Ainda nem entramos no bairro dos Alfinetes, em Marvila, e já se ouvem crianças. Estão no campo de futebol ou correm pela relva, outras andam de bicicleta ou chamam pelos pais, que vigiam a brincadeira enquanto estão sentados nos bancos. Parece um cenário banal numa cidade, mas não aqui, onde se esperou anos por algo assim.
O parque urbano Mar e Vila, junto ao apeadeiro de Marvila, inaugurado em abril deste ano, resume-se assim mesmo: “Deram-nos a casa, faltava o bairro”, diz Cristina Santos, uma das moradoras que ajudou a transformar o antigo descampado no atual parque.

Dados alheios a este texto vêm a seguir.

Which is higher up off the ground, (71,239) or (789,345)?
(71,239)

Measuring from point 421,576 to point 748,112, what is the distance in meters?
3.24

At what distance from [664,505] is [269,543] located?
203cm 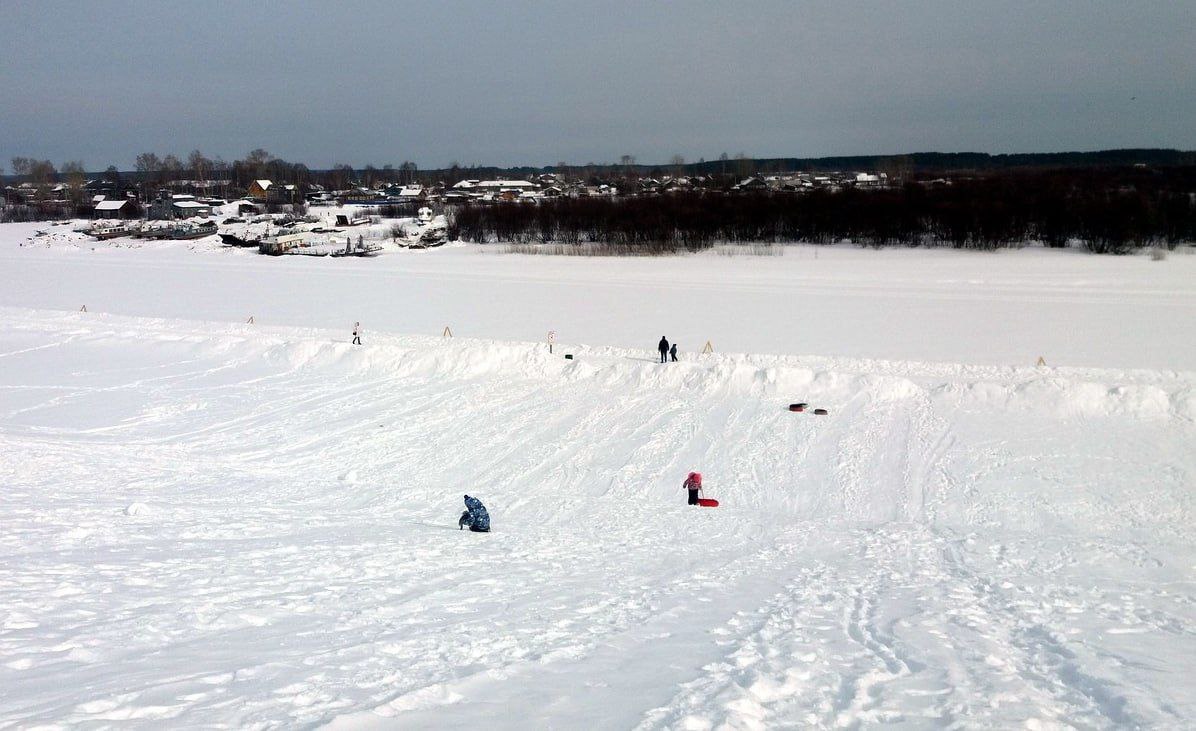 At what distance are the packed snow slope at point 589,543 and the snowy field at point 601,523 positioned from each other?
6 centimetres

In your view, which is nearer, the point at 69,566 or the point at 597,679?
the point at 597,679

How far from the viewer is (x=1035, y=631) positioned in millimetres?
8461

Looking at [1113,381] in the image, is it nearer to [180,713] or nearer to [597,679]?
[597,679]

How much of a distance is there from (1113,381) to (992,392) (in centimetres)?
376

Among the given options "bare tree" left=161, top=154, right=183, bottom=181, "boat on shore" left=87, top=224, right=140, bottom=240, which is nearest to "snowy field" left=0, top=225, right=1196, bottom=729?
"boat on shore" left=87, top=224, right=140, bottom=240

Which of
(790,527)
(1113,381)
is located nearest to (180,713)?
(790,527)

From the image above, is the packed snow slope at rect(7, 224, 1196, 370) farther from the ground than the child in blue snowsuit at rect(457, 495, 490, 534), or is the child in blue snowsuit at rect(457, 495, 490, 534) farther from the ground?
the packed snow slope at rect(7, 224, 1196, 370)

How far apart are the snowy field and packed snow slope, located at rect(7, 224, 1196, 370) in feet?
1.71

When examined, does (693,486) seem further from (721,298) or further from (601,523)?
(721,298)

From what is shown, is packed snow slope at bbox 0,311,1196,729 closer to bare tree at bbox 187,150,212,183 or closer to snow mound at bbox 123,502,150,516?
snow mound at bbox 123,502,150,516

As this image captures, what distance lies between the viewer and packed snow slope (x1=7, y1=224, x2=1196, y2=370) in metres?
27.9

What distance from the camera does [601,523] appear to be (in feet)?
44.3

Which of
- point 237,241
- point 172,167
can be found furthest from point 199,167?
point 237,241

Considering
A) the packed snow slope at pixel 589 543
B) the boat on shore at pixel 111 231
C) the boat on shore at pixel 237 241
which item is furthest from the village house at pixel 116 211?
the packed snow slope at pixel 589 543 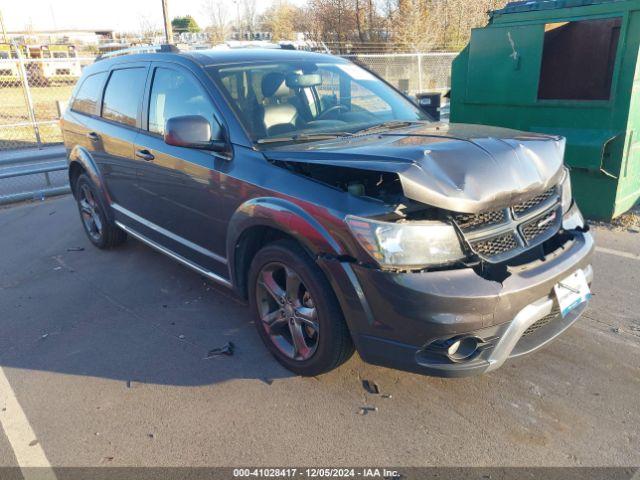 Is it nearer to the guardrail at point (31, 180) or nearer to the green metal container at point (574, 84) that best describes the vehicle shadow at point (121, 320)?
the guardrail at point (31, 180)

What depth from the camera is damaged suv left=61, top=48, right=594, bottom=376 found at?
2.52 m

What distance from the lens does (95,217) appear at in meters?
5.64

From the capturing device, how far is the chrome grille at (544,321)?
2781 mm

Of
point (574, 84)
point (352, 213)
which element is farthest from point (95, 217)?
point (574, 84)

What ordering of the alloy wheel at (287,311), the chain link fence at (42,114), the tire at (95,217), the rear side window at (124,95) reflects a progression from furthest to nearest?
the chain link fence at (42,114), the tire at (95,217), the rear side window at (124,95), the alloy wheel at (287,311)

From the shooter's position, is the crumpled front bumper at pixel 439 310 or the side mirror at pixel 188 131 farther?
the side mirror at pixel 188 131

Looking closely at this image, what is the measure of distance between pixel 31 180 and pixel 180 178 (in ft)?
23.9

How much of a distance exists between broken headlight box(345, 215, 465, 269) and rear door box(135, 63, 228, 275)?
4.10ft

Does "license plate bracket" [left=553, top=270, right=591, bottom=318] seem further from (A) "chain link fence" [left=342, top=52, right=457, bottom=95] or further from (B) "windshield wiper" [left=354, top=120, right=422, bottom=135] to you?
(A) "chain link fence" [left=342, top=52, right=457, bottom=95]

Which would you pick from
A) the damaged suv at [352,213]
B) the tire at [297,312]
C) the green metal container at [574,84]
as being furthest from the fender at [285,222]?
the green metal container at [574,84]

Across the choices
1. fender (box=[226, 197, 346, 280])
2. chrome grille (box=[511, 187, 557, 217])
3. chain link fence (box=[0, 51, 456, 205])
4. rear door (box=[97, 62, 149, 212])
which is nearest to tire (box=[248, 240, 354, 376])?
fender (box=[226, 197, 346, 280])

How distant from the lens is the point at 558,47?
6.54 metres

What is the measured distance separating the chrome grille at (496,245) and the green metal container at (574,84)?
10.7 ft

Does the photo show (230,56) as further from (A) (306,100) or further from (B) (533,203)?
(B) (533,203) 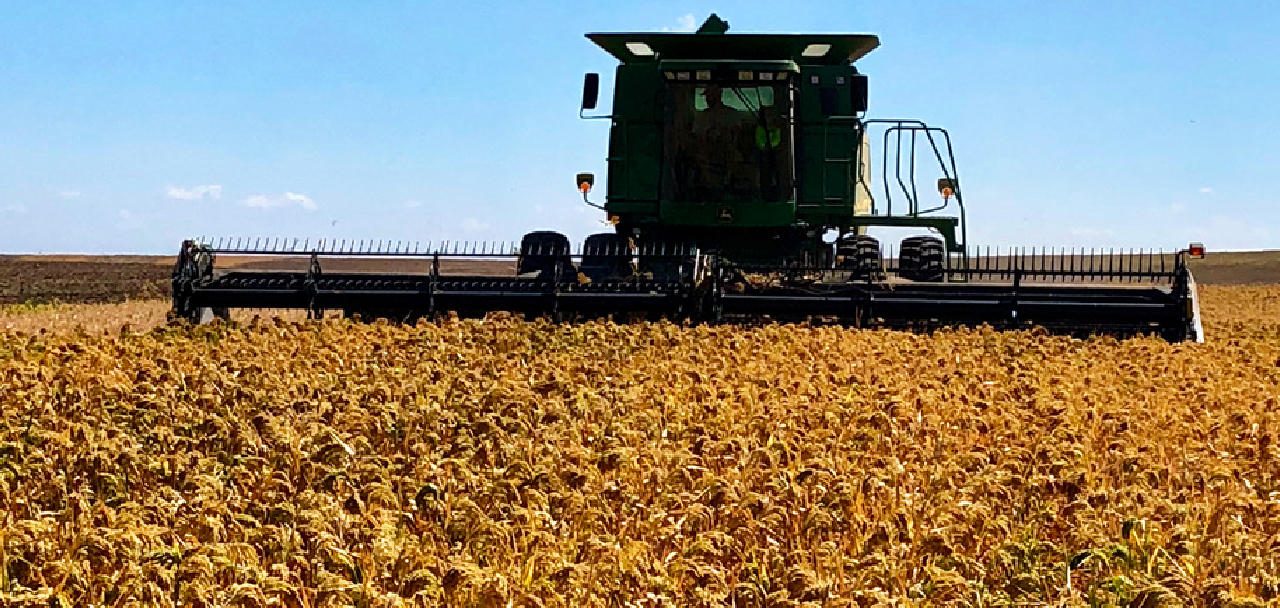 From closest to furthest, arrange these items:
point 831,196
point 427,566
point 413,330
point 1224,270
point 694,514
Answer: point 427,566
point 694,514
point 413,330
point 831,196
point 1224,270

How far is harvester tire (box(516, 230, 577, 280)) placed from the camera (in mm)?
13938

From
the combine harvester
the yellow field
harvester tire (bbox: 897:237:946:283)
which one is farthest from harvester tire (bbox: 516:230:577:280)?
the yellow field

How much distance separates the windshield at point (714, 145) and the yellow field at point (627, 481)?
17.0 ft

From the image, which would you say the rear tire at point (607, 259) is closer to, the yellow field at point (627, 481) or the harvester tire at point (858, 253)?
the harvester tire at point (858, 253)

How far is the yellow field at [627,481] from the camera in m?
4.04

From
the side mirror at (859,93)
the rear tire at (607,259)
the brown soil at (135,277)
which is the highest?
the side mirror at (859,93)

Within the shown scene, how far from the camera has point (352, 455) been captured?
5.89 metres

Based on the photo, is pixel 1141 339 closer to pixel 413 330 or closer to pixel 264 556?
pixel 413 330

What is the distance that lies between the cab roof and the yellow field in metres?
6.00

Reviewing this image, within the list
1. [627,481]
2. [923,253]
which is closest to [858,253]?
[923,253]

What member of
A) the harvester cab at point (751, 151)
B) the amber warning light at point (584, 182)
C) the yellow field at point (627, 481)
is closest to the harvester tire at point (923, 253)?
the harvester cab at point (751, 151)

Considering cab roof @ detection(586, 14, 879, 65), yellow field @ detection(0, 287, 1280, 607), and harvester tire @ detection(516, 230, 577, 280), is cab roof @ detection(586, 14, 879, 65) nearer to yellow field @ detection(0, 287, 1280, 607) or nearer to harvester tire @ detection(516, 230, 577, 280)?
harvester tire @ detection(516, 230, 577, 280)

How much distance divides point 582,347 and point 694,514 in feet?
20.2

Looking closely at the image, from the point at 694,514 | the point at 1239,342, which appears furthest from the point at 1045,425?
the point at 1239,342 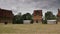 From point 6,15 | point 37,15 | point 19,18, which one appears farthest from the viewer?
point 37,15

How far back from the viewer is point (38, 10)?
73438 mm

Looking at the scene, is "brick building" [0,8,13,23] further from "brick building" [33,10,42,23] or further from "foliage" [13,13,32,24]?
"brick building" [33,10,42,23]

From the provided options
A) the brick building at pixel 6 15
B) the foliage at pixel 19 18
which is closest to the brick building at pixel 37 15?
the foliage at pixel 19 18

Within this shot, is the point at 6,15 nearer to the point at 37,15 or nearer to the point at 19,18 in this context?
the point at 19,18

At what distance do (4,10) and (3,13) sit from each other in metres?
2.91

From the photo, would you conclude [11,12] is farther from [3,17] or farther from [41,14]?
[41,14]

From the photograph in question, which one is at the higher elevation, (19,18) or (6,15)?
(6,15)

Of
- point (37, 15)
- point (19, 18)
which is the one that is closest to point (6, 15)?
point (19, 18)

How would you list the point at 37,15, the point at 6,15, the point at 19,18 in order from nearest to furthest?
the point at 19,18, the point at 6,15, the point at 37,15

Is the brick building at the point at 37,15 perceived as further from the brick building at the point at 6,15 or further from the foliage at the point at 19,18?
the brick building at the point at 6,15

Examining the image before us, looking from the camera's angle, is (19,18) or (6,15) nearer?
(19,18)

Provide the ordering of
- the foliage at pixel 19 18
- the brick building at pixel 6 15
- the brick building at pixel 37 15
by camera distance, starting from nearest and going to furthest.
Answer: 1. the foliage at pixel 19 18
2. the brick building at pixel 6 15
3. the brick building at pixel 37 15

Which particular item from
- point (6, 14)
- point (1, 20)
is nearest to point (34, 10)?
point (6, 14)

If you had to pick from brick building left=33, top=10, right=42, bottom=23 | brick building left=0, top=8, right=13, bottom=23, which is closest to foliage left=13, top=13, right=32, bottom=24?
brick building left=0, top=8, right=13, bottom=23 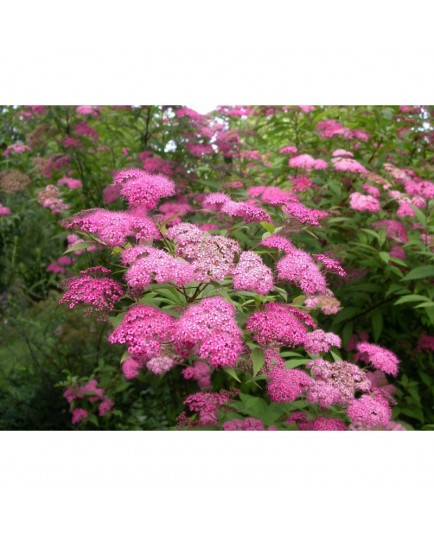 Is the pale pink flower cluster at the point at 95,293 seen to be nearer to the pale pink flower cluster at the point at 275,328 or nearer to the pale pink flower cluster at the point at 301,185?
the pale pink flower cluster at the point at 275,328

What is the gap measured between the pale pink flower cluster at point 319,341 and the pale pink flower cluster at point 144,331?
0.59 meters

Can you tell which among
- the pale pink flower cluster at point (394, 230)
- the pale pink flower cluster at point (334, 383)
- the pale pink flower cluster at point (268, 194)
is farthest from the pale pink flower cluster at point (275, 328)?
the pale pink flower cluster at point (394, 230)

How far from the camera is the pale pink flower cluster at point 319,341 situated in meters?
1.83

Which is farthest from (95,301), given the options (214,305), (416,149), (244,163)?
(416,149)

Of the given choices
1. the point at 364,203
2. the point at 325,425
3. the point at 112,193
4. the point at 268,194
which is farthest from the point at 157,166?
the point at 325,425

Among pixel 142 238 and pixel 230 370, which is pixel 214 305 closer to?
pixel 230 370

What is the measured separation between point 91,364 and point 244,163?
1563 mm

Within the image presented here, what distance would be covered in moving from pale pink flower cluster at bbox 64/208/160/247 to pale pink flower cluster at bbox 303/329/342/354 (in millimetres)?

A notícia sobre o novo espaço verde na cidade correu os jornais em abril, mas faltava contar esta história: a de quem o criou – e porquê.


Cristina vem da antiga Curraleira, “o bairro do pé descalço”, como gosta de lhe chamar. Uma pequena aldeia dentro da cidade, onde se andava na rua como dentro de casa. Depois de desmantelado, ela não quis ficar pelos bairros de realojamento ali perto. “Não pelas pessoas, eu adoro aquelas pessoas.” Era pelas más memórias. A vida tem sido madrasta: aos 16 anos, foi posta fora de casa, viveu uma relação abusiva e, quando voltou a procurar abrigo na casa da mãe, que ali guardava droga, teve ela de responder na justiça. “A minha reinserção social fui eu”, diz. Ela e um bairro como o dos Alfinetes, em Marvila, onde acabou por vir morar em 2001.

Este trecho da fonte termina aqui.